Sep 17, 2009, 17:32 GMT
Sana'a, Yemen - Yemeni authorities on Thursday formed a panel to investigate reports of the death of 87 civilians Wednesday in an airstrike in the country's north-west, where the national army is battling Shiite rebels, the official Saba news agency reported.
A fighter jet shelled a gathering of people in a flat, rocky expanse in al-Adi area of the Harf Sufian district of Amran province, tribal sources said. In a second raid, they said, a war plane bombed survivors as they ran for safety in nearby farmland.
The country's Supreme Security Committee said the army command formed a fact-finding commission to investigate the reported civilian deaths.
The committee, though, said in a statement that al-Adi was a 'military operation zone' and that the government troops have recently killed three field rebel leaders in that area.
A local source in Houth district of Amran said the victims of the raid were buried in makeshift graves Thursday morning.
Military officials contacted by the German Press Agency dpa on Wednesday denied the reported casualties among civilians, saying there was no gathering of displaced people in al-Adi.
The Defence Ministry blamed the rebels for 'preventing citizens from leaving to the safe areas.'
'The terrorists are using innocent citizens as human shields,' the ministry said in an e-mailed statement that did not directly mention the airstrike.
A military source told the official Saba news agency that 'several rebels were killed' as the army struck rebel gatherings in Saada province and Harf Sufian district of neighbouring Amran province Wednesday.
Saada, some 240 kilometres north of Sana'a, has been the centre of fierce fighting between the rebels, known as Houthis, and government troops since the army launched a massive offensive on their strongholds on August 11.
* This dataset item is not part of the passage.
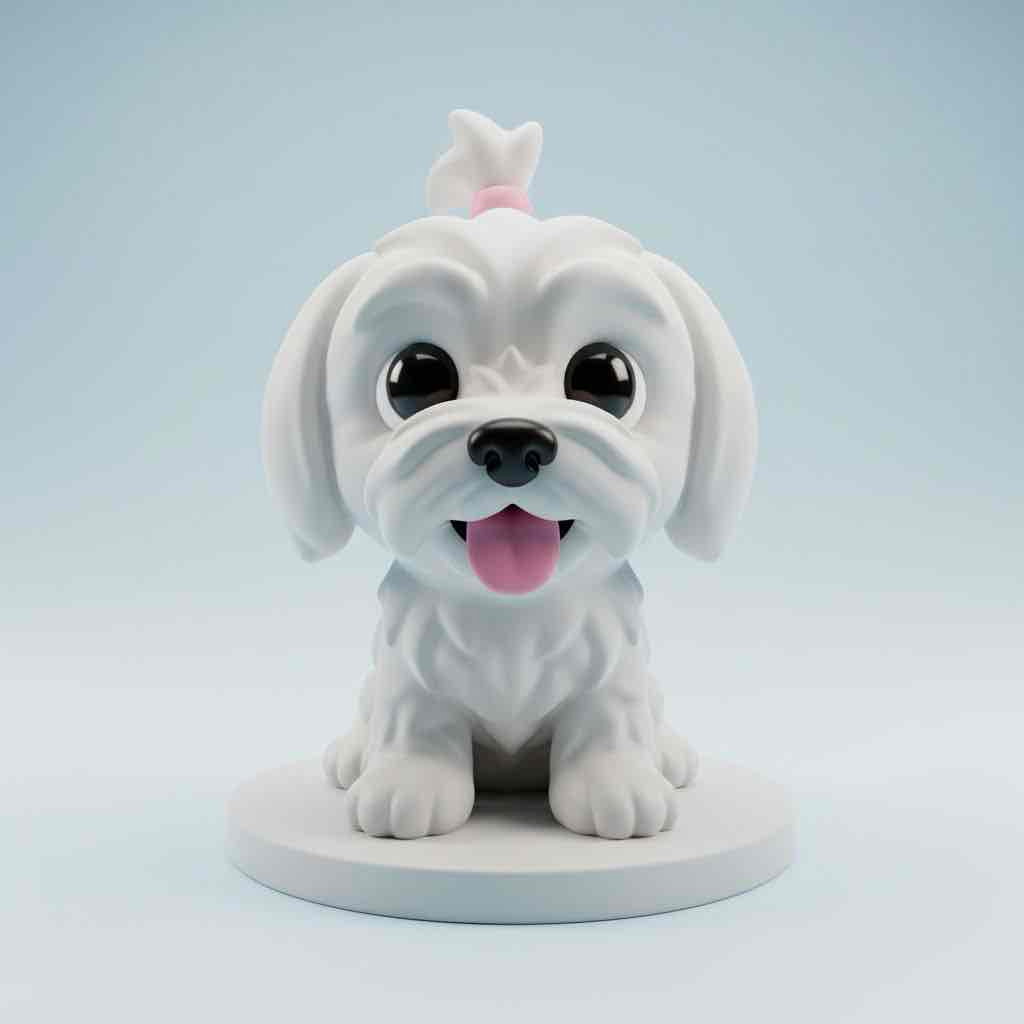 Cute Maltese Dog Figurine free 3D printable STL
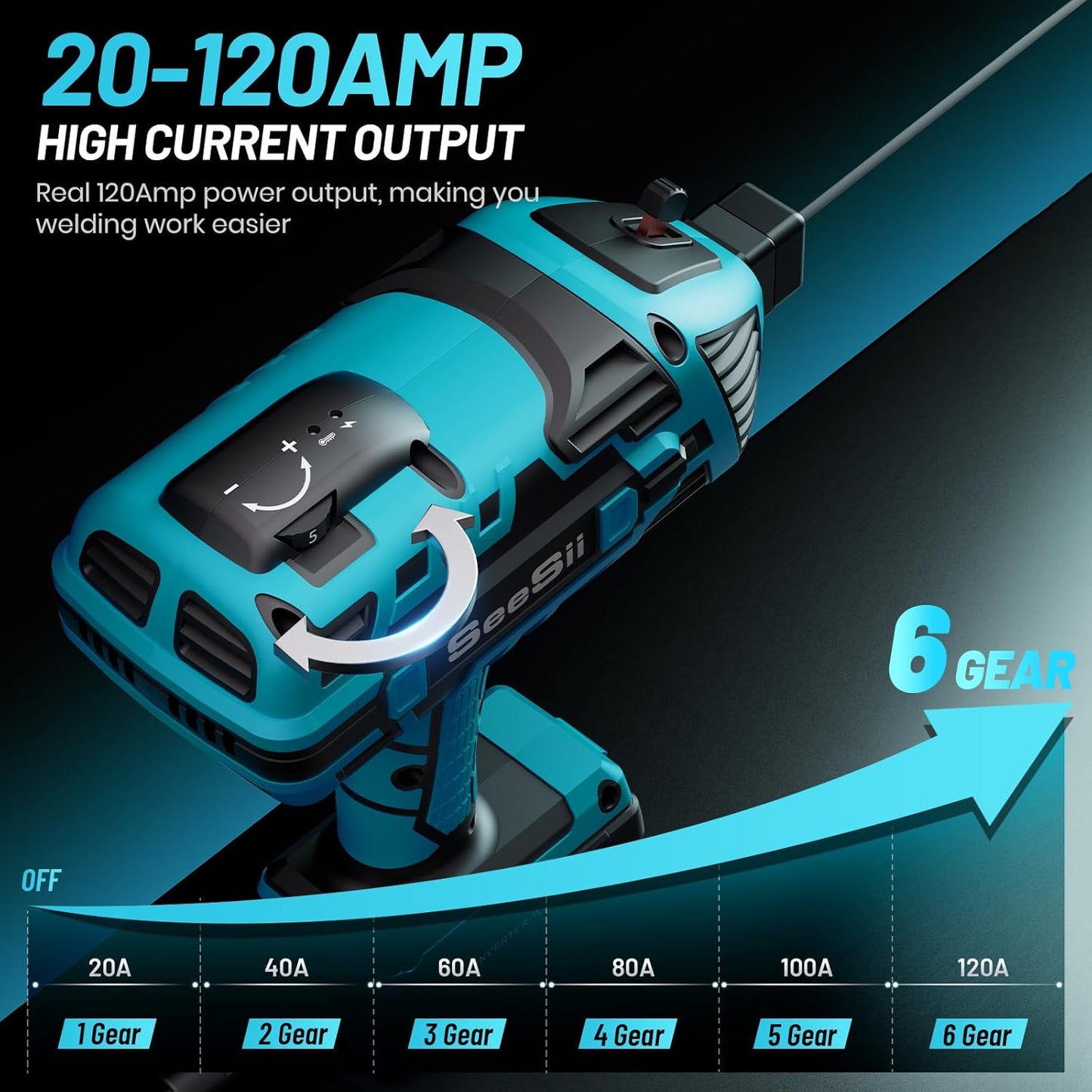 Seesii Handheld Welder,110V 120A Portable Welding Machine with True Color Auto Darkening Welding Goggles and Welding Chipping Hammer, Suitable for 3/64"-1/8" Welding Rods, Portable ARC Welder Gun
Both sides continue claiming to have inflicted heavy casualties over the last five weeks, but none of the claims have been independently verified, with the media denied access to the restive province.
Officials said the offensive will only end when all insurgents surrender or are killed.
This is the latest flare-up in the fighting that has raged on and off since the Houthis revolt began in mid-2004.
Authorities accuse the Shiite group of seeking to restore the rule of the Zaydi royal family, which was toppled by a republican revolution in 1962 in northern Yemen.
The Houthis say they are in revolt against government corruption and the Yemeni alliance with the United States.